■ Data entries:
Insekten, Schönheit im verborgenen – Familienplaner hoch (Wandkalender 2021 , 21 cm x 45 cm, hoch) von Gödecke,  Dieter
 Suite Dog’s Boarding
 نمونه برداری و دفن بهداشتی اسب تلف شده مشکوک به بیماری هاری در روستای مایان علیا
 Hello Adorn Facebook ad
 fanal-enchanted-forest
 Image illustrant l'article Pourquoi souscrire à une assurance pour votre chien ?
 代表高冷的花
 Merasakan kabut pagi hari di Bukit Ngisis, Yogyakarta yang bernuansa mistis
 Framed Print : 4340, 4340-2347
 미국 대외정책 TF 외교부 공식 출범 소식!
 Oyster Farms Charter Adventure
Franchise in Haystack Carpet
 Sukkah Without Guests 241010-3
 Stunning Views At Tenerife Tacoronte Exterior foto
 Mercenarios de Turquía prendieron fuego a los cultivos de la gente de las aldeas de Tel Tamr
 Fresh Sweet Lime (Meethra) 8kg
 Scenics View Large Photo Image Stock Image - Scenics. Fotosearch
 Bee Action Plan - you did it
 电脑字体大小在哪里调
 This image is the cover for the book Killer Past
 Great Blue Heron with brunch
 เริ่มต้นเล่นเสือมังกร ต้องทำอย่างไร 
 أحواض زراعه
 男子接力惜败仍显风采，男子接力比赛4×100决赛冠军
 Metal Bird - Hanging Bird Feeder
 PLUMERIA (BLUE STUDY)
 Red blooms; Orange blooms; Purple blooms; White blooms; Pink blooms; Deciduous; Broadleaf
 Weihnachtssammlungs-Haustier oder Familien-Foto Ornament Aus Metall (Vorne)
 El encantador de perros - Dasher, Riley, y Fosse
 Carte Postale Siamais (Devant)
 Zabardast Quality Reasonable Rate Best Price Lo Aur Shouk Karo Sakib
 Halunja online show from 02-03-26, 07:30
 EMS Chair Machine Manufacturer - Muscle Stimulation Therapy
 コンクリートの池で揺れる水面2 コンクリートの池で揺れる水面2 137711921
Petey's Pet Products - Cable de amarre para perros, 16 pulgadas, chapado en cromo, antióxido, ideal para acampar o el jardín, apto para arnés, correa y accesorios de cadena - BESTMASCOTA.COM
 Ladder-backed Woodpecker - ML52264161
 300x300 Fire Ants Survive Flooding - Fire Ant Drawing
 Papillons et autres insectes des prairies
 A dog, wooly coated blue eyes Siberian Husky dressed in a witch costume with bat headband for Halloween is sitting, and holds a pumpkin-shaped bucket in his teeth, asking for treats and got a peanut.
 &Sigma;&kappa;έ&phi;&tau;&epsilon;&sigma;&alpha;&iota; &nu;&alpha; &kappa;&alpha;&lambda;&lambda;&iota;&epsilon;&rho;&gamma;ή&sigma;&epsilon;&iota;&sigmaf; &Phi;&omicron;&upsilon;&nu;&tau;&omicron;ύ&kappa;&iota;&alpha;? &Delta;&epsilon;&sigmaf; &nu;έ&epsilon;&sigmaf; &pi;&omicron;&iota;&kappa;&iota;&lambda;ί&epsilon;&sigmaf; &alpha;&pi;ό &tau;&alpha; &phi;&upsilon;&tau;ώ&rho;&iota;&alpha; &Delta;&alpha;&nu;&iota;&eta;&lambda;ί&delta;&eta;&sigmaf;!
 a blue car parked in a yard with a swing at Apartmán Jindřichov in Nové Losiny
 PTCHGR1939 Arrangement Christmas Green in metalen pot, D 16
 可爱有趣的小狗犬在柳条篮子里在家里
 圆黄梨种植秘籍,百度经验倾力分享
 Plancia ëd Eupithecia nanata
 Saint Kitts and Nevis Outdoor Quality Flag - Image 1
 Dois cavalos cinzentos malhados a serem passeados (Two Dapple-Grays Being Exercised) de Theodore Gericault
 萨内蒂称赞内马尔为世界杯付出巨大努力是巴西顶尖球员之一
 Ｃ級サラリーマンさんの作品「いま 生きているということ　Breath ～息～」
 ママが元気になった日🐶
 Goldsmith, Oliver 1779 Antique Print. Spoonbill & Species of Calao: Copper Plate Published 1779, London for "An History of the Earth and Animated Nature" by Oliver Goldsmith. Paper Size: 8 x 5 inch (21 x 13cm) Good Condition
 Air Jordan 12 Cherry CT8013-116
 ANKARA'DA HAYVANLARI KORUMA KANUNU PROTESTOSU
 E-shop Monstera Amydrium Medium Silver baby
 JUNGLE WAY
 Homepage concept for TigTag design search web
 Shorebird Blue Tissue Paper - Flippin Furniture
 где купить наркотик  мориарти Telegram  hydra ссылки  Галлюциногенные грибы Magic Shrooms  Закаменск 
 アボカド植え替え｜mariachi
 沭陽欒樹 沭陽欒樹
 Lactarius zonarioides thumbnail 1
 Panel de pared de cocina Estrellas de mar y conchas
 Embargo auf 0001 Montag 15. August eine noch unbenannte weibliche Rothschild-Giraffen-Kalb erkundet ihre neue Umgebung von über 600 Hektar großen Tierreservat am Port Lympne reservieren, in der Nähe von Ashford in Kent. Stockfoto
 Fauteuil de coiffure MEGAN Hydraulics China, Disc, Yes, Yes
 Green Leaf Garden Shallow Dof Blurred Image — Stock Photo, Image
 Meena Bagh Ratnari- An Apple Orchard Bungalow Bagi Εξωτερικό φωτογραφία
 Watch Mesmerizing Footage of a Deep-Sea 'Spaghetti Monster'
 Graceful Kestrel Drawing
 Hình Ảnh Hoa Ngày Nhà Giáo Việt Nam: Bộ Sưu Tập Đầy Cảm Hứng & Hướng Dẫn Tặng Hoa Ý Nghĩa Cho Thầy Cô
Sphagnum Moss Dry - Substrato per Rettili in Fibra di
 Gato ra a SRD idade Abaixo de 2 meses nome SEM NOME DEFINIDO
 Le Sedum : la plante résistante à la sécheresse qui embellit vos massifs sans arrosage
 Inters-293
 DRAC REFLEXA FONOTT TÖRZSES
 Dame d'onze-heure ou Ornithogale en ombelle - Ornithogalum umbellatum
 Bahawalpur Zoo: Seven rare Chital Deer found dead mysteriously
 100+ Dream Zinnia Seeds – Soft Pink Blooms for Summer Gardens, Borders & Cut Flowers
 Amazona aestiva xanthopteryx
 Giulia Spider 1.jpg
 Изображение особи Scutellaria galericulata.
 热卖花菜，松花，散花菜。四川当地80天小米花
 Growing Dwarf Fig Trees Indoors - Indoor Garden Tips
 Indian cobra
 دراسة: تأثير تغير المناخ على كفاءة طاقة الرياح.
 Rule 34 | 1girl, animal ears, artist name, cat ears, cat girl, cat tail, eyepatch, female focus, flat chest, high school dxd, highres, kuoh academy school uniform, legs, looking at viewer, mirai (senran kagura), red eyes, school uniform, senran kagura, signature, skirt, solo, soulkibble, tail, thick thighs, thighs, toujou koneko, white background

■ REQUIRED ACTION: Transcribe the data above so that every line matches exactly.

■ FINISHED EXERCISE:
Insekten, Schönheit im verborgenen – Familienplaner hoch (Wandkalender 2021 , 21 cm x 45 cm, hoch) von Gödecke,  Dieter
 Suite Dog’s Boarding
 نمونه برداری و دفن بهداشتی اسب تلف شده مشکوک به بیماری هاری در روستای مایان علیا
 Hello Adorn Facebook ad
 fanal-enchanted-forest
 Image illustrant l'article Pourquoi souscrire à une assurance pour votre chien ?
 代表高冷的花
 Merasakan kabut pagi hari di Bukit Ngisis, Yogyakarta yang bernuansa mistis
 Framed Print : 4340, 4340-2347
 미국 대외정책 TF 외교부 공식 출범 소식!
 Oyster Farms Charter Adventure
Franchise in Haystack Carpet
 Sukkah Without Guests 241010-3
 Stunning Views At Tenerife Tacoronte Exterior foto
 Mercenarios de Turquía prendieron fuego a los cultivos de la gente de las aldeas de Tel Tamr
 Fresh Sweet Lime (Meethra) 8kg
 Scenics View Large Photo Image Stock Image - Scenics. Fotosearch
 Bee Action Plan - you did it
 电脑字体大小在哪里调
 This image is the cover for the book Killer Past
 Great Blue Heron with brunch
 เริ่มต้นเล่นเสือมังกร ต้องทำอย่างไร 
 أحواض زراعه
 男子接力惜败仍显风采，男子接力比赛4×100决赛冠军
 Metal Bird - Hanging Bird Feeder
 PLUMERIA (BLUE STUDY)
 Red blooms; Orange blooms; Purple blooms; White blooms; Pink blooms; Deciduous; Broadleaf
 Weihnachtssammlungs-Haustier oder Familien-Foto Ornament Aus Metall (Vorne)
 El encantador de perros - Dasher, Riley, y Fosse
 Carte Postale Siamais (Devant)
 Zabardast Quality Reasonable Rate Best Price Lo Aur Shouk Karo Sakib
 Halunja online show from 02-03-26, 07:30
 EMS Chair Machine Manufacturer - Muscle Stimulation Therapy
 コンクリートの池で揺れる水面2 コンクリートの池で揺れる水面2 137711921
Petey's Pet Products - Cable de amarre para perros, 16 pulgadas, chapado en cromo, antióxido, ideal para acampar o el jardín, apto para arnés, correa y accesorios de cadena - BESTMASCOTA.COM
 Ladder-backed Woodpecker - ML52264161
 300x300 Fire Ants Survive Flooding - Fire Ant Drawing
 Papillons et autres insectes des prairies
 A dog, wooly coated blue eyes Siberian Husky dressed in a witch costume with bat headband for Halloween is sitting, and holds a pumpkin-shaped bucket in his teeth, asking for treats and got a peanut.
 &Sigma;&kappa;έ&phi;&tau;&epsilon;&sigma;&alpha;&iota; &nu;&alpha; &kappa;&alpha;&lambda;&lambda;&iota;&epsilon;&rho;&gamma;ή&sigma;&epsilon;&iota;&sigmaf; &Phi;&omicron;&upsilon;&nu;&tau;&omicron;ύ&kappa;&iota;&alpha;? &Delta;&epsilon;&sigmaf; &nu;έ&epsilon;&sigmaf; &pi;&omicron;&iota;&kappa;&iota;&lambda;ί&epsilon;&sigmaf; &alpha;&pi;ό &tau;&alpha; &phi;&upsilon;&tau;ώ&rho;&iota;&alpha; &Delta;&alpha;&nu;&iota;&eta;&lambda;ί&delta;&eta;&sigmaf;!
 a blue car parked in a yard with a swing at Apartmán Jindřichov in Nové Losiny
 PTCHGR1939 Arrangement Christmas Green in metalen pot, D 16
 可爱有趣的小狗犬在柳条篮子里在家里
 圆黄梨种植秘籍,百度经验倾力分享
 Plancia ëd Eupithecia nanata
 Saint Kitts and Nevis Outdoor Quality Flag - Image 1
 Dois cavalos cinzentos malhados a serem passeados (Two Dapple-Grays Being Exercised) de Theodore Gericault
 萨内蒂称赞内马尔为世界杯付出巨大努力是巴西顶尖球员之一
 Ｃ級サラリーマンさんの作品「いま 生きているということ　Breath ～息～」
 ママが元気になった日🐶
 Goldsmith, Oliver 1779 Antique Print. Spoonbill & Species of Calao: Copper Plate Published 1779, London for "An History of the Earth and Animated Nature" by Oliver Goldsmith. Paper Size: 8 x 5 inch (21 x 13cm) Good Condition
 Air Jordan 12 Cherry CT8013-116
 ANKARA'DA HAYVANLARI KORUMA KANUNU PROTESTOSU
 E-shop Monstera Amydrium Medium Silver baby
 JUNGLE WAY
 Homepage concept for TigTag design search web
 Shorebird Blue Tissue Paper - Flippin Furniture
 где купить наркотик  мориарти Telegram  hydra ссылки  Галлюциногенные грибы Magic Shrooms  Закаменск 
 アボカド植え替え｜mariachi
 沭陽欒樹 沭陽欒樹
 Lactarius zonarioides thumbnail 1
 Panel de pared de cocina Estrellas de mar y conchas
 Embargo auf 0001 Montag 15. August eine noch unbenannte weibliche Rothschild-Giraffen-Kalb erkundet ihre neue Umgebung von über 600 Hektar großen Tierreservat am Port Lympne reservieren, in der Nähe von Ashford in Kent. Stockfoto
 Fauteuil de coiffure MEGAN Hydraulics China, Disc, Yes, Yes
 Green Leaf Garden Shallow Dof Blurred Image — Stock Photo, Image
 Meena Bagh Ratnari- An Apple Orchard Bungalow Bagi Εξωτερικό φωτογραφία
 Watch Mesmerizing Footage of a Deep-Sea 'Spaghetti Monster'
 Graceful Kestrel Drawing
 Hình Ảnh Hoa Ngày Nhà Giáo Việt Nam: Bộ Sưu Tập Đầy Cảm Hứng & Hướng Dẫn Tặng Hoa Ý Nghĩa Cho Thầy Cô
Sphagnum Moss Dry - Substrato per Rettili in Fibra di
 Gato ra a SRD idade Abaixo de 2 meses nome SEM NOME DEFINIDO
 Le Sedum : la plante résistante à la sécheresse qui embellit vos massifs sans arrosage
 Inters-293
 DRAC REFLEXA FONOTT TÖRZSES
 Dame d'onze-heure ou Ornithogale en ombelle - Ornithogalum umbellatum
 Bahawalpur Zoo: Seven rare Chital Deer found dead mysteriously
 100+ Dream Zinnia Seeds – Soft Pink Blooms for Summer Gardens, Borders & Cut Flowers
 Amazona aestiva xanthopteryx
 Giulia Spider 1.jpg
 Изображение особи Scutellaria galericulata.
 热卖花菜，松花，散花菜。四川当地80天小米花
 Growing Dwarf Fig Trees Indoors - Indoor Garden Tips
 Indian cobra
 دراسة: تأثير تغير المناخ على كفاءة طاقة الرياح.
 Rule 34 | 1girl, animal ears, artist name, cat ears, cat girl, cat tail, eyepatch, female focus, flat chest, high school dxd, highres, kuoh academy school uniform, legs, looking at viewer, mirai (senran kagura), red eyes, school uniform, senran kagura, signature, skirt, solo, soulkibble, tail, thick thighs, thighs, toujou koneko, white background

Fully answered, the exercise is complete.